___ MATERIAL FOR THIS EXERCISE

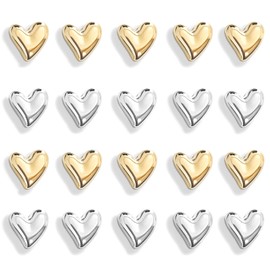 20pcs Heart Refrigerator Magnets, Cute Fridge Magnets for Home & Kitchen, Decorative Love Heart for Whiteboard, Refrigerator, Office and Gifts (Gold+Sliver)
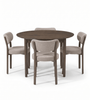 Eetkamerset – uitschuifbare eettafel van gerookt eikenfineer + 4 x Harriet-eetkamerstoelen in zandkleur met poten in gerookte eikenlook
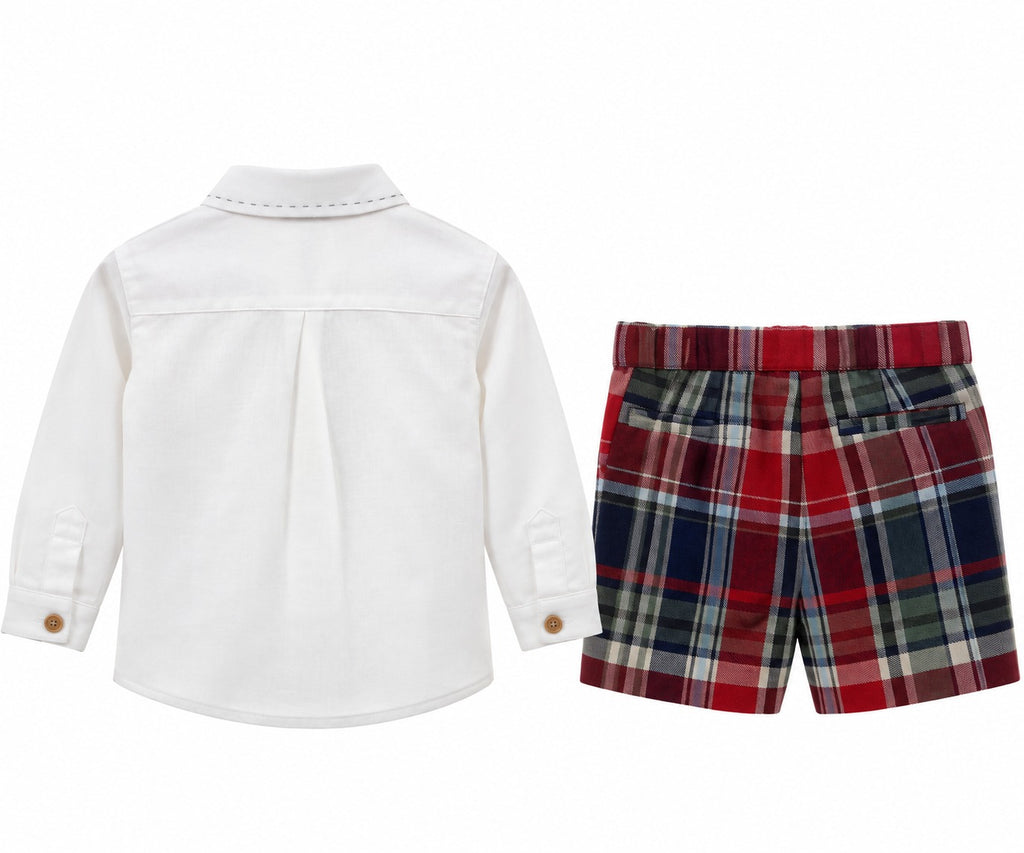Traje Niño con Pantalón Bermuda Pascua Blanco - vista trasera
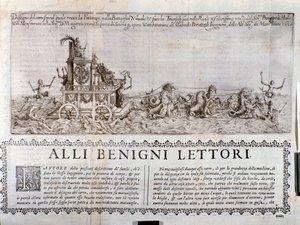 The allegorical chariot. From the Chronicles describing the celebrations organized in Mantua by prince of Gonzaga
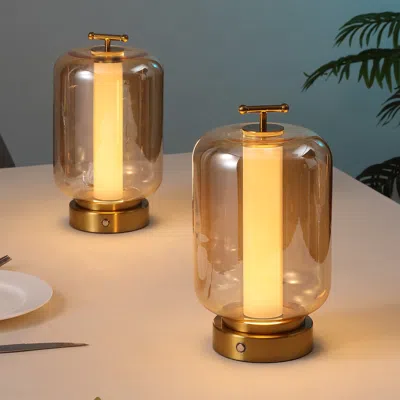 Jonathan Y Milou Vintage Glam Lantern Rechargeable/cordless Dimmable Integrated Led Table Lamp With Touch Senso In Multi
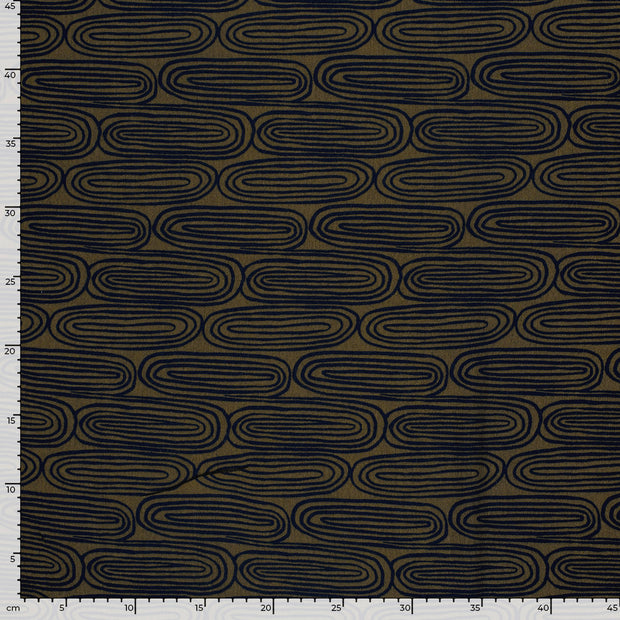Borken Crepe fabric Abstract Taupe Grey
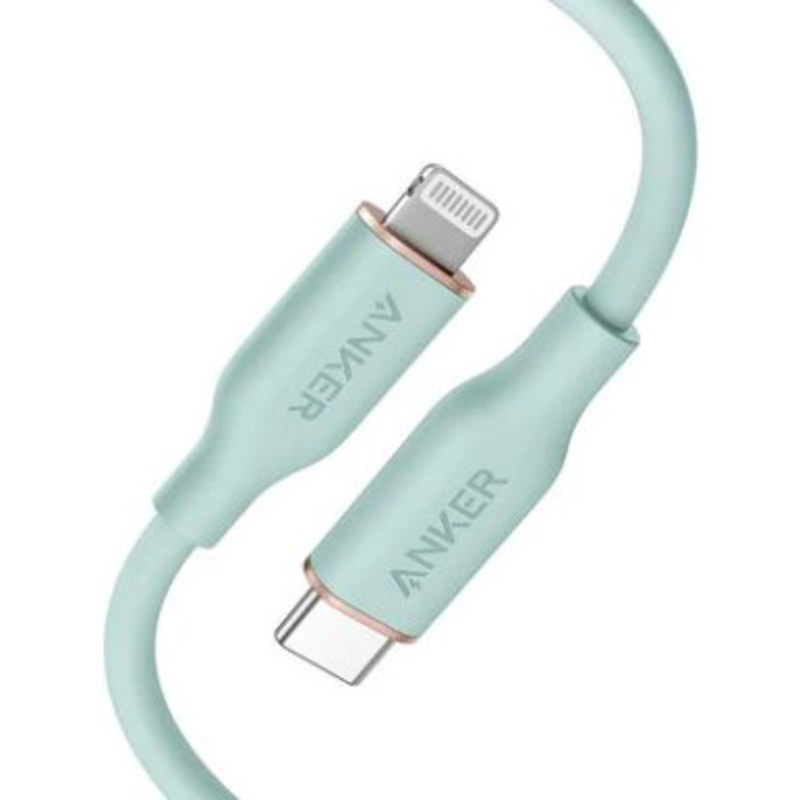 Anker Powerline IIl Flow Usb-C Cable With Lightning Connector,Mint Green | A8662H61-GN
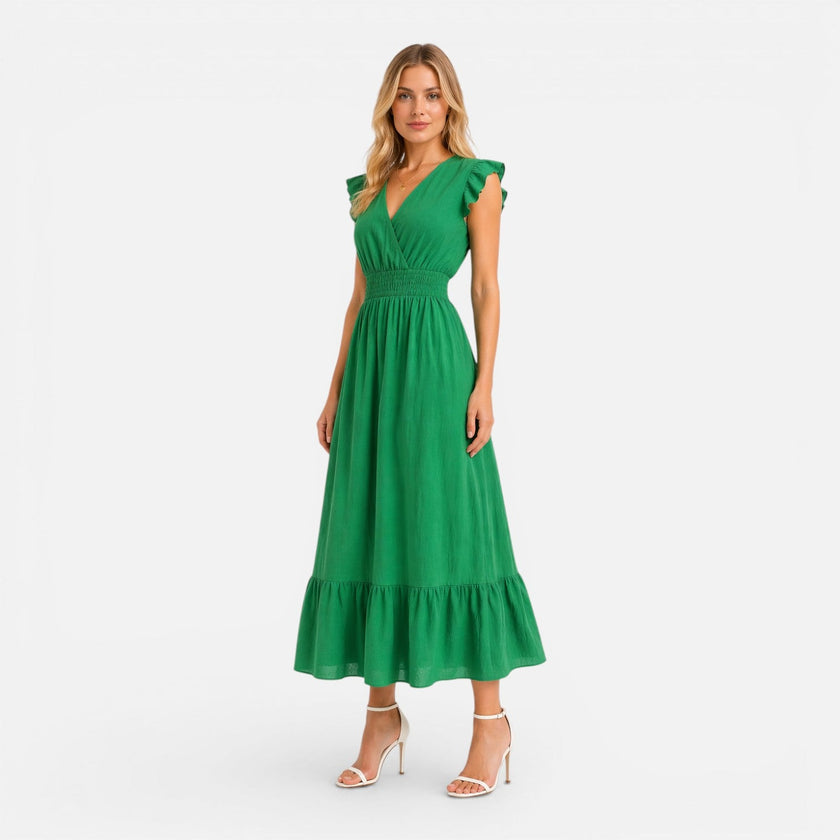 FJØRNA women's cotton wrap midi dress featuring an elegant, comfortable design, perfect for summer wear.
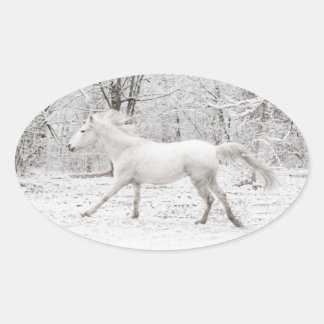 Sticker Ovale Cheval blanc galopant dans la neige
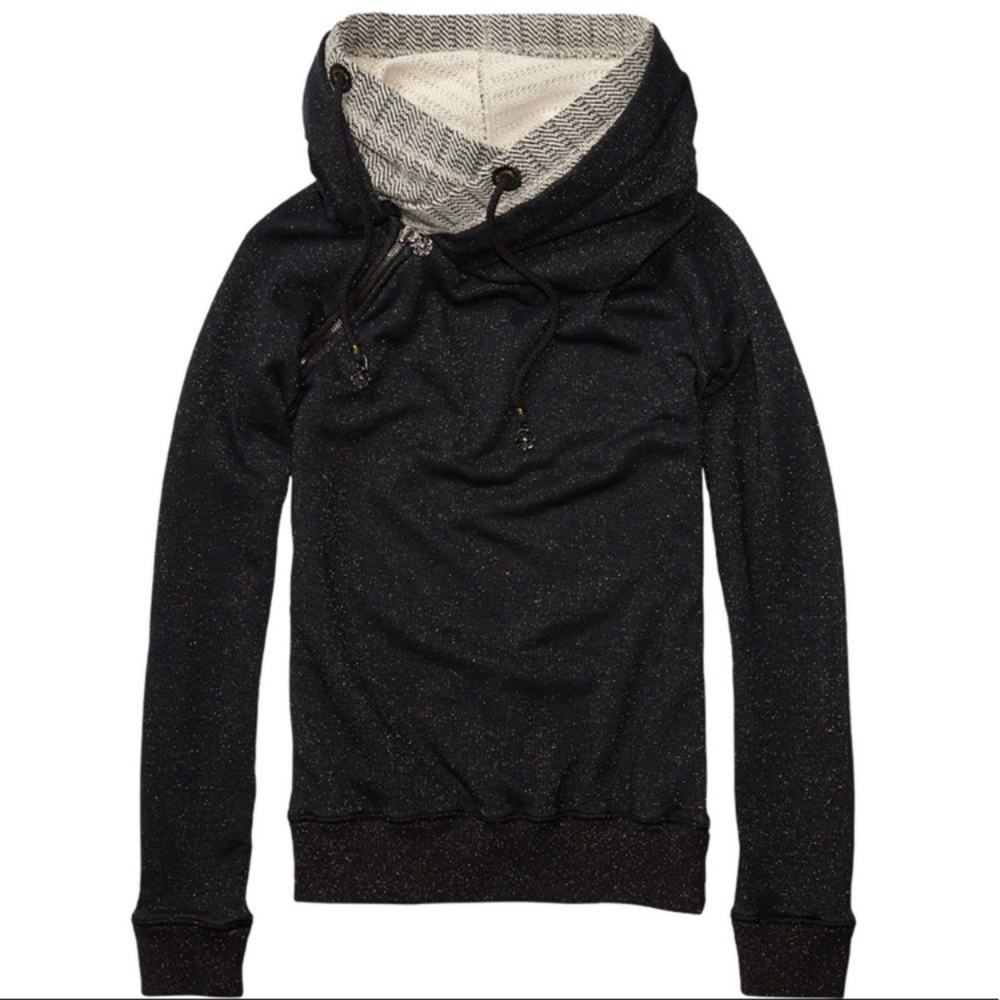 Maison Scotch & Soda Black and Gold Metallic Holiday Edition Hoodie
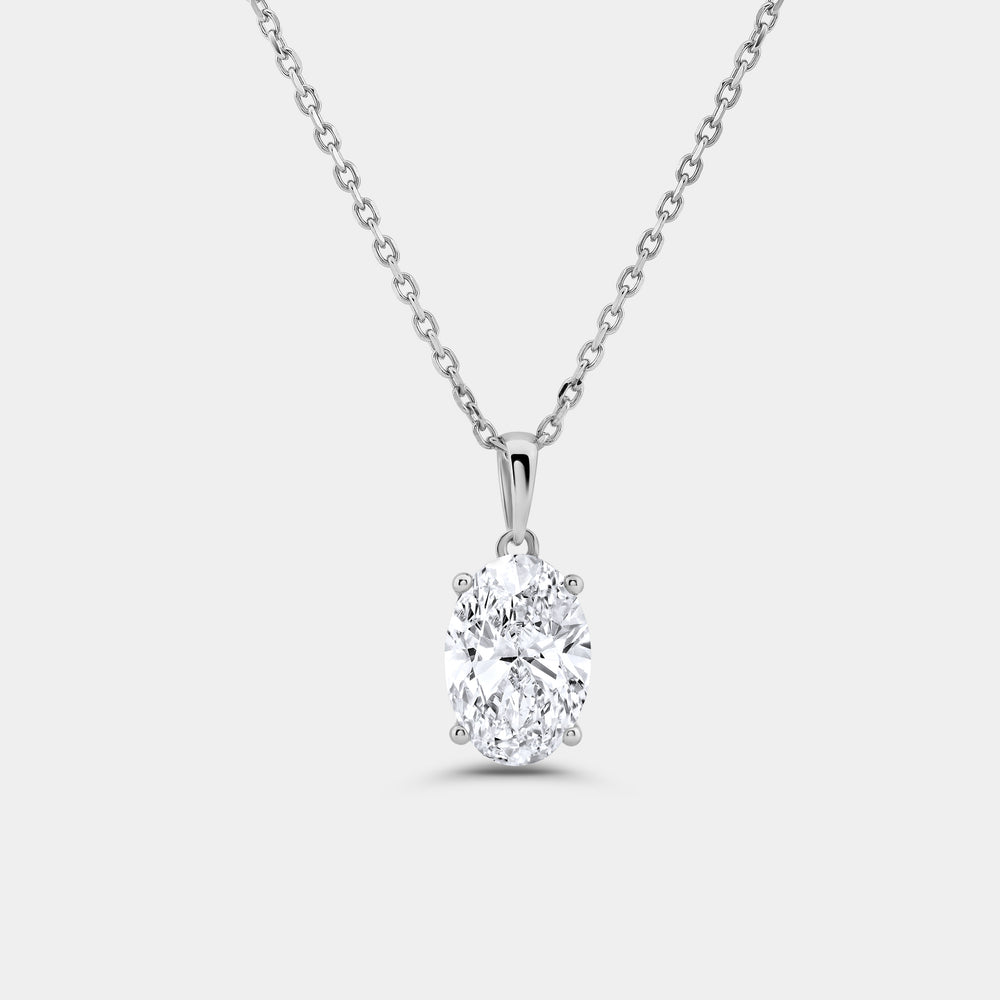 Gilded 3 Carat Lab-Grown Diamond Oval-Shaped Classic Solitaire Pendant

______

• TASK STATEMENT:
Give the entries again word for word, but skip the pictures.

• RESPONSE AREA:
 20pcs Heart Refrigerator Magnets, Cute Fridge Magnets for Home & Kitchen, Decorative Love Heart for Whiteboard, Refrigerator, Office and Gifts (Gold+Sliver)
 Eetkamerset – uitschuifbare eettafel van gerookt eikenfineer + 4 x Harriet-eetkamerstoelen in zandkleur met poten in gerookte eikenlook
Traje Niño con Pantalón Bermuda Pascua Blanco - vista trasera
 The allegorical chariot. From the Chronicles describing the celebrations organized in Mantua by prince of Gonzaga
 Jonathan Y Milou Vintage Glam Lantern Rechargeable/cordless Dimmable Integrated Led Table Lamp With Touch Senso In Multi
Borken Crepe fabric Abstract Taupe Grey
 Anker Powerline IIl Flow Usb-C Cable With Lightning Connector,Mint Green | A8662H61-GN
 FJØRNA women's cotton wrap midi dress featuring an elegant, comfortable design, perfect for summer wear.
 Sticker Ovale Cheval blanc galopant dans la neige
 Maison Scotch & Soda Black and Gold Metallic Holiday Edition Hoodie
 Gilded 3 Carat Lab-Grown Diamond Oval-Shaped Classic Solitaire Pendant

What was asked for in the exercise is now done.